Kabul, May 2012. 175 ANP officers seeking promotion to Major felt the heat of exam pressure at the end of May as they undertook their final examinations at the conclusion of the "Future Leaders programme", in the bright sunshine at the Staff College car park. This was the final act of a course which commenced back in February following a national selection process to find the best Captains. The successful applicants have received intense training at Staff College to fast track them for promotion.
EUPOL's Training Component (ETC) has played several roles throughout the course. In the planning stages ETC were approached by MoI to advise upon; selection criteria, process transparency and maintaining the confidentiality of examination content. Superintendent Ralph Logan was entrusted to deliver the selection examination papers which had been stored in a safe in EUPOL HQ, and he then observed the conduct of the examination. Soon after, Dirk van Vierssen was invited to observe the examination results moderation process and candidate interviews.
A series of lectures were given by ETC to the course students, covering; Leadership Competencies, Code of Conduct, operational leadership and judicial practice. The intensity of the final examination was matched by the bright sunshine and heat in the car park.

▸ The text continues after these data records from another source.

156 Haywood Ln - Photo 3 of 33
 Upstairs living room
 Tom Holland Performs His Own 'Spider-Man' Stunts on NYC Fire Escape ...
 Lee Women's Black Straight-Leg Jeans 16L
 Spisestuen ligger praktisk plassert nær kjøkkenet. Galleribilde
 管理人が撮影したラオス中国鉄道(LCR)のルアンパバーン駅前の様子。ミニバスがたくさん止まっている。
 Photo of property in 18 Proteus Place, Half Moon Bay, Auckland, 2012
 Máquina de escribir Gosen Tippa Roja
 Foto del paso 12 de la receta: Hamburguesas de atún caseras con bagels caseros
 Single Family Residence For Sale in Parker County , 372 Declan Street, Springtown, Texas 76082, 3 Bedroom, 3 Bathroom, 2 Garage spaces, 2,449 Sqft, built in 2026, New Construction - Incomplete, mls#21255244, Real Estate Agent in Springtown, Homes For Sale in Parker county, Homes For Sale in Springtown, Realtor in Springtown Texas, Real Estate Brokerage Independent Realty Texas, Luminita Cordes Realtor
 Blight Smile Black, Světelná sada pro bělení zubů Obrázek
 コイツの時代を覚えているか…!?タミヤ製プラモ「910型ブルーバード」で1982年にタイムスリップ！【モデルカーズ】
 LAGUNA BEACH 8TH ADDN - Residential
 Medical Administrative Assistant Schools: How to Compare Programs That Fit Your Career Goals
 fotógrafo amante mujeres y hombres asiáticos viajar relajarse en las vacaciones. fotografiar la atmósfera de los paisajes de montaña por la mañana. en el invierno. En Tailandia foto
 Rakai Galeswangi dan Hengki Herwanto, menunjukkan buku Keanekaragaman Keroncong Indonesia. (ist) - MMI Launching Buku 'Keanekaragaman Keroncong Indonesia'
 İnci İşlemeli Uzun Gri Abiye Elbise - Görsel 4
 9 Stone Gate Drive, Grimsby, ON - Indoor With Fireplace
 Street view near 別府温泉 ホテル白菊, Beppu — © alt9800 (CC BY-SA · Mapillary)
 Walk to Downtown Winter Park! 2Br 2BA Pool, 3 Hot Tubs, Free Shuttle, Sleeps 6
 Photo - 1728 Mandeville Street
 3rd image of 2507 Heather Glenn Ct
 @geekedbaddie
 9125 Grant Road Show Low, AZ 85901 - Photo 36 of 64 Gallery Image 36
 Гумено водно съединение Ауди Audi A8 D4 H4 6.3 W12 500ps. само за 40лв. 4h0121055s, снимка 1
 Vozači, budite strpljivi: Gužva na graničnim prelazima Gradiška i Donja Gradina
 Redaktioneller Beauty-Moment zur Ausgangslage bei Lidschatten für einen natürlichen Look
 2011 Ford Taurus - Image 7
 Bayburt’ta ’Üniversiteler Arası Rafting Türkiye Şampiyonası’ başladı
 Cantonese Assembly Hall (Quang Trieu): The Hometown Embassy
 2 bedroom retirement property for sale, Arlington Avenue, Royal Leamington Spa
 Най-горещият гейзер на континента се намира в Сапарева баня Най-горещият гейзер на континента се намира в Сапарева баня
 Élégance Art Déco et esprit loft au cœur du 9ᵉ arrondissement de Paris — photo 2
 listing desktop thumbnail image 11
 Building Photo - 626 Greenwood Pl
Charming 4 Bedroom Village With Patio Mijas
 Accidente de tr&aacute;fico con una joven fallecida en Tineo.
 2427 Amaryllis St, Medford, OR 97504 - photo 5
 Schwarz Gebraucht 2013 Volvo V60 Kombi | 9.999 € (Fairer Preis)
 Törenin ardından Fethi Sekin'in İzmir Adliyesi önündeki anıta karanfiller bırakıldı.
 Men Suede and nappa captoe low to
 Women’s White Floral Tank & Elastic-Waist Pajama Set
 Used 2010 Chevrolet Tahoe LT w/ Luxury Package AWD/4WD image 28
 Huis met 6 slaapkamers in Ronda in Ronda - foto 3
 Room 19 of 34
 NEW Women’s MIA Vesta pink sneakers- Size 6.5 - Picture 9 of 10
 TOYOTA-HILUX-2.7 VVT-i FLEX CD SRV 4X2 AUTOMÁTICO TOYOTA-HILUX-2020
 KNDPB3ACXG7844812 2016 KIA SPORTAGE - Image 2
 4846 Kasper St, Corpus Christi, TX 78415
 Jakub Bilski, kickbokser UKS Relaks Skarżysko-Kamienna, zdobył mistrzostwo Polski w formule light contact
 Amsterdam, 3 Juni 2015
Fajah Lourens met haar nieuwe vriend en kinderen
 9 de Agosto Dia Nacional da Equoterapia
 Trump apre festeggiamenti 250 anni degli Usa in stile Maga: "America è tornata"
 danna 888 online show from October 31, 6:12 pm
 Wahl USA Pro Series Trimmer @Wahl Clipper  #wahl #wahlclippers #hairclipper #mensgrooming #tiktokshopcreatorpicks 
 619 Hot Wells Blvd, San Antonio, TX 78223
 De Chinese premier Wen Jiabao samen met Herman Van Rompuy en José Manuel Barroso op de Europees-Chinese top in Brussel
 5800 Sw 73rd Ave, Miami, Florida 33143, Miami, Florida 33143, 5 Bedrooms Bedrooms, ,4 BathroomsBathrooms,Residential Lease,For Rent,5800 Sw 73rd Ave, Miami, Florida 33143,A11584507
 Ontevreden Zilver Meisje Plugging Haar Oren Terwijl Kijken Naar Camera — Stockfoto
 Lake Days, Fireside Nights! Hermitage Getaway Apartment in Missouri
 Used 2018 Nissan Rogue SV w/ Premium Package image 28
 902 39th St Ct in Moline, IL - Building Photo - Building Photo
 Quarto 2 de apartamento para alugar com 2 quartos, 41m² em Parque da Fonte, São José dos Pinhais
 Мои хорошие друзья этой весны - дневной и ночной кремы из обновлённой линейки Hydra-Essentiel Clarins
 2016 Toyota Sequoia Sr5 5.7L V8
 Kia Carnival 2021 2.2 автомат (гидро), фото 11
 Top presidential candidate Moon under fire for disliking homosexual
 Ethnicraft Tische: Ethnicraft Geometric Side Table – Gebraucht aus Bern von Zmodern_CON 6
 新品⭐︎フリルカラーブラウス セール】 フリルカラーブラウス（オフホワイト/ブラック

The subjects being tested included: legal rights of citizens, investigative procedures, islamic knowledge, logistics, police tactics and navigation techniques.
Captain Khaliq from Kabul said: “I have learnt a lot in this course and I want to use all of the skills if I am chosen to be a Major.” Captain Shaffiq said of the exams: “They were tough questions but I had studied my notes carefully. I want to be a Major in the ANP to make my family proud.”
Superintendent Logan said: “This thorough and transparent process that has been constructed by the Afghan National Police (ANP) and the Ministry of Interior (MoI) is a very significant step forward. There are regular accusations of promotion by nepotism and patronage made about the ANP but this process demonstrates a concerted effort to challenge that perception. Although I have never seen an exam take place outdoors before, it was good to see how seriously the exams were taken by all those present. We could watch from our office window and the looks of concentration on the students faces were testament to the tough nature of the exam questions.”